Activity -
The range starts at the line containing "Funny Christmas Throw" and ends at the last line of the records below. Reproduce those lines exactly.

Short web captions

┄┄┄┄┄┄┄┄┄┄┄┄┄┄┄┄┄┄┄┄

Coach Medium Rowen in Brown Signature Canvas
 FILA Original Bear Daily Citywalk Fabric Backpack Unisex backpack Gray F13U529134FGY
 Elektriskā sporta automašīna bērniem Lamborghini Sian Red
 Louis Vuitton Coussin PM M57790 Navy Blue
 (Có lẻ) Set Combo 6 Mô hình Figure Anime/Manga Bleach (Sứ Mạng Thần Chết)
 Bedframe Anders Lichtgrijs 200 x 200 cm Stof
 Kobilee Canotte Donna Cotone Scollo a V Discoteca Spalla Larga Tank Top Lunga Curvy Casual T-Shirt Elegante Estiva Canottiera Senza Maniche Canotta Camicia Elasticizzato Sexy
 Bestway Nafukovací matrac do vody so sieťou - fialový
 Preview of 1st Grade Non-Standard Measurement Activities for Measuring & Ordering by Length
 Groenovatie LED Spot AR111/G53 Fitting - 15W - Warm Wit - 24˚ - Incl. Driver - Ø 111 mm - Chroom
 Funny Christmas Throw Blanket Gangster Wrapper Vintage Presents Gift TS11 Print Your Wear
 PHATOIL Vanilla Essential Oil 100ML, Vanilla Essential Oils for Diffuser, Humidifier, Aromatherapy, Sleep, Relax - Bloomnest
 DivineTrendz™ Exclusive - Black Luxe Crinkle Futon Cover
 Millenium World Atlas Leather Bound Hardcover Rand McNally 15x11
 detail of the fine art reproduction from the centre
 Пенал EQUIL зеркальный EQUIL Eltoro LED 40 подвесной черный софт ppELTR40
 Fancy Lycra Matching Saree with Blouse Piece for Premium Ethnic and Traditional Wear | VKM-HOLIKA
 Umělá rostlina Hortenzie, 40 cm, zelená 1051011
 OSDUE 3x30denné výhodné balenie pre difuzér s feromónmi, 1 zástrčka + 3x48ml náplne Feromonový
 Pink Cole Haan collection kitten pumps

┄┄┄┄┄┄┄┄┄┄┄┄┄┄┄┄┄┄┄┄

Result of this task -
 Funny Christmas Throw Blanket Gangster Wrapper Vintage Presents Gift TS11 Print Your Wear
 PHATOIL Vanilla Essential Oil 100ML, Vanilla Essential Oils for Diffuser, Humidifier, Aromatherapy, Sleep, Relax - Bloomnest
 DivineTrendz™ Exclusive - Black Luxe Crinkle Futon Cover
 Millenium World Atlas Leather Bound Hardcover Rand McNally 15x11
 detail of the fine art reproduction from the centre
 Пенал EQUIL зеркальный EQUIL Eltoro LED 40 подвесной черный софт ppELTR40
 Fancy Lycra Matching Saree with Blouse Piece for Premium Ethnic and Traditional Wear | VKM-HOLIKA
 Umělá rostlina Hortenzie, 40 cm, zelená 1051011
 OSDUE 3x30denné výhodné balenie pre difuzér s feromónmi, 1 zástrčka + 3x48ml náplne Feromonový
 Pink Cole Haan collection kitten pumps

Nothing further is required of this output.